Ia benar-benar tak tahu bagaimana kronologis kejadian yang terjadi pada gadis itu. Yang ia tahu, (Name) menyuruhnya untuk pergi meninggalkannya selama beberapa menit.
Tahu-tahu gadis itu sudah basah kuyup. Entah kenapa gadis itu selalu menyembunyikan masalahnya. Orang-orang di sekitarnya tak pernah tahu tentang masalahnya.
"Nangis nangis aja. Gue tau perasaan lo yang lagi rusak gara-gara cowok itu kan?"
Di bawah sinar rembulan, kedua insan itu saling memeluk. Menyalurkan kehangatan guna menenangkan sang hawa yang kini tengah bersedih.
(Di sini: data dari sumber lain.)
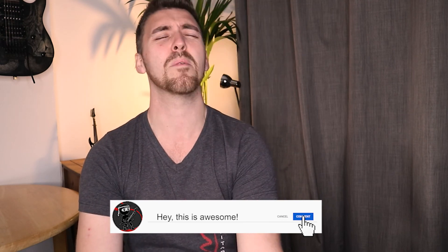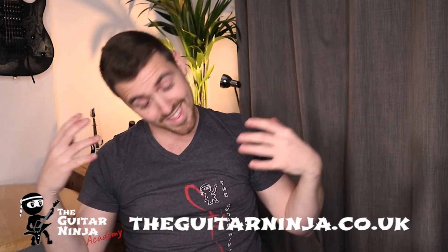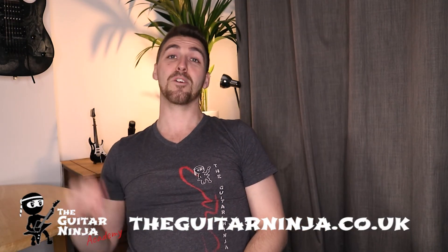If this video does well, I'm sure I'll do more of them because I quite enjoyed it. As always, you know what to do — thumbs up, subscribe, all of that craziness. All Guitar Ninja — if you want to learn guitar stuff, all of the links are in the description. Thank you for watching and I'll catch you in a new one soon. Bye!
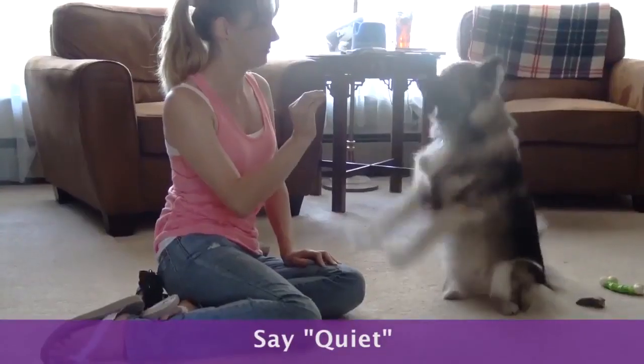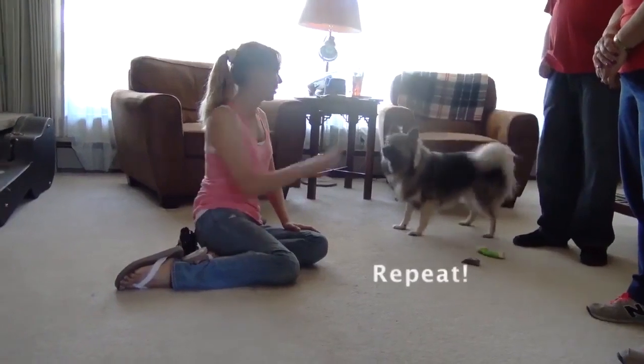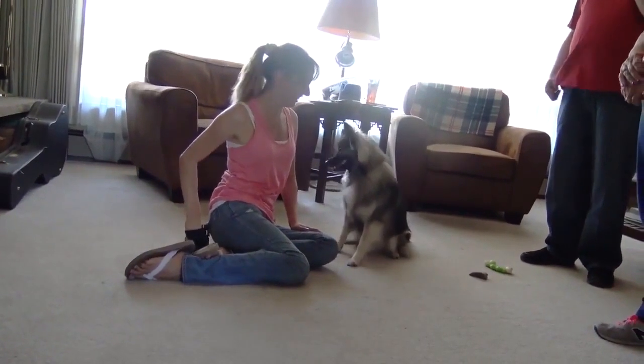This stops the barking momentarily. Give the treat right away. Repeat. Slowly start increasing the length of time between saying quiet and when they get the treat.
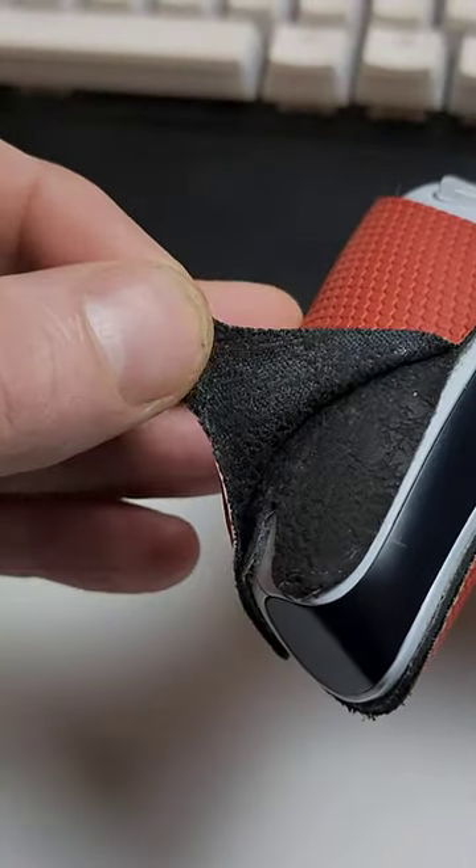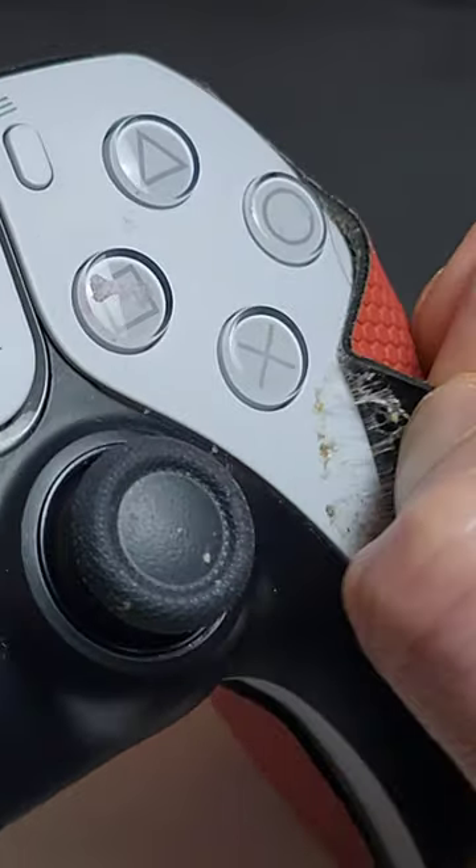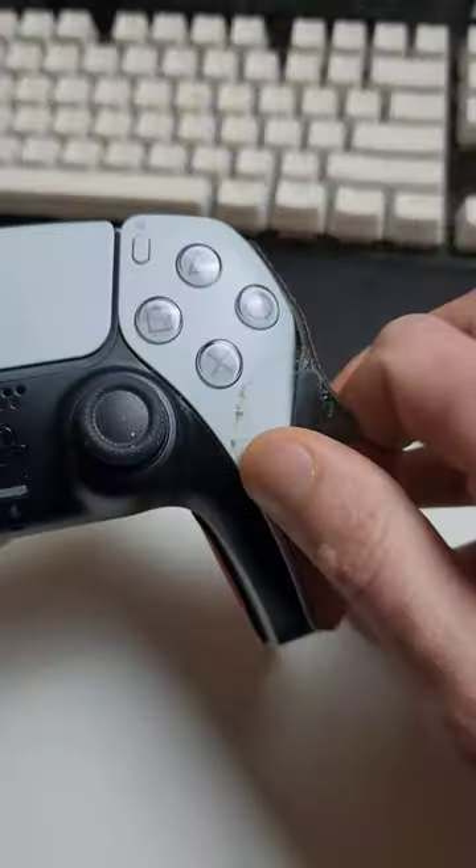If you've ever thought about using these customized grips on your controller, you may think twice about it by the end of this video. As you can see, it's peeling away and going all tacky, and it leaves this stupid residue behind as well. Not really what we're after.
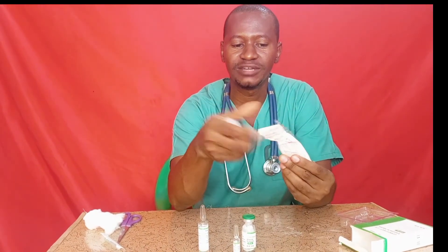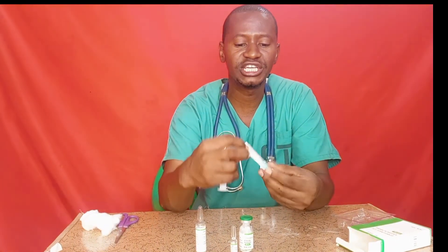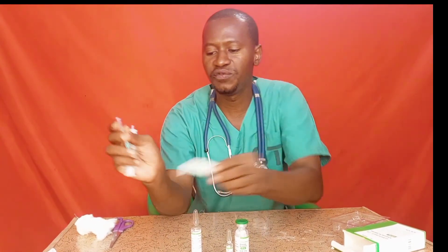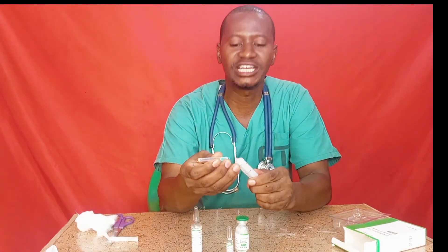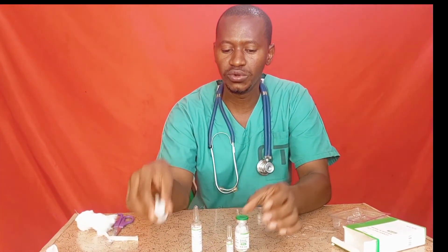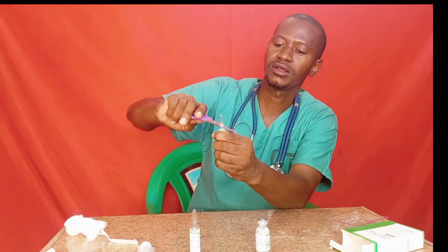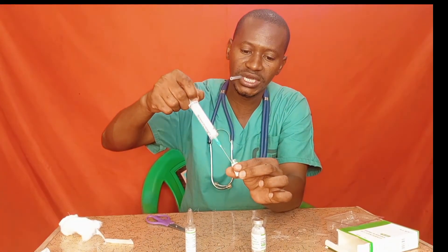Now let us do the procedure. First, get the syringe and open it gently. Then get a 21-gauge needle, remove it from the packaging, and attach it to the syringe. Next, open the vial of the drug, then withdraw the 2 ml of sodium bicarbonate.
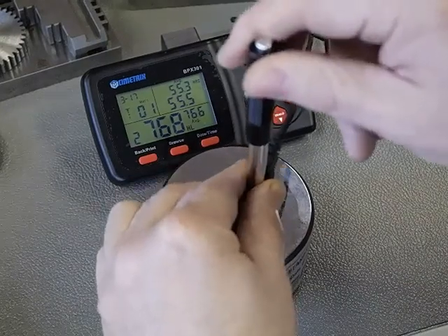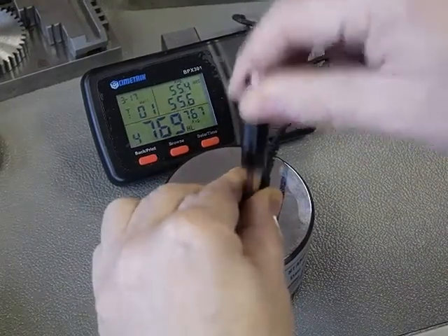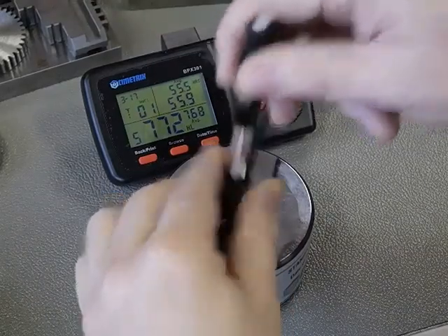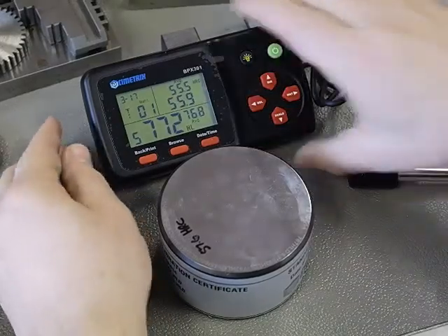So we're going to do 5 tests on this block: 1, 2, 3, 4, 5. You have to do an exact number. We're doing an average here and the average is 768.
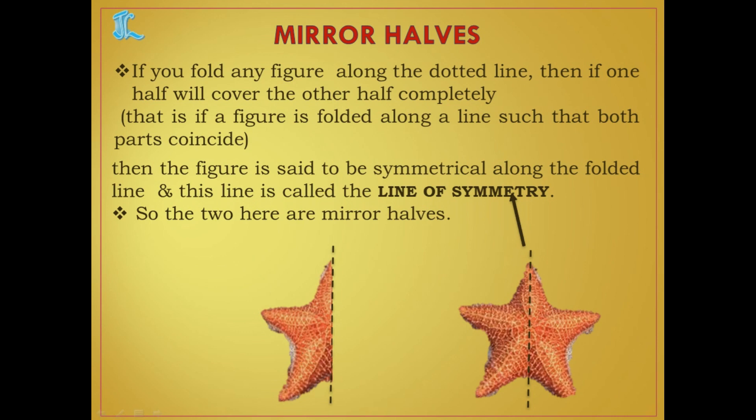We call these figures symmetrical along the folded line. If both halves completely coincide — that is, they cover each other — then that figure is called symmetrical along that folded line, and that line is called the line of symmetry.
Lihat menit mereka habiskan untuk saling mengobrol dan memberikan motivasi pada masing-masing pihak. Membuat suasana hati sang bungsu Itoshi itu kembali baik.
"Muka lo sembab noh," ucap Ran sembari menoel hidung mancung gadis itu. Sementara sang gadis tertawa pelan dengan suara seraknya.
"Iya kan jadi jelek. Makannya gue gak suka kalau nangis terus," ujarnya sembari menyenderkan kepalanya pada bahu lebar milik Ran.
"Ran," panggil (Name).
"Yes princess?" Jawabnya yang di balas sebuah cubitan kecil di lengannya.
"Gue kalau ninggalin lo gak pa-pa?"
"Maksud lo, meninggal?" Ran berucap dengan nada bertanya dan membuatnya mendapatkan sebuah cubitan lagi di tangannya.
"Aw aw aw, sakit ih," ringisnya.
"Bukan itu bego," (Name) menjeda ucapannya. Mengangkat kepalanya dan menarik wajah laki-laki itu agar menatapnya. "Maksudnya, kalau gue ninggalin lo buat ngejar karir gue, lo sama Rindou gak pa-pa kan?"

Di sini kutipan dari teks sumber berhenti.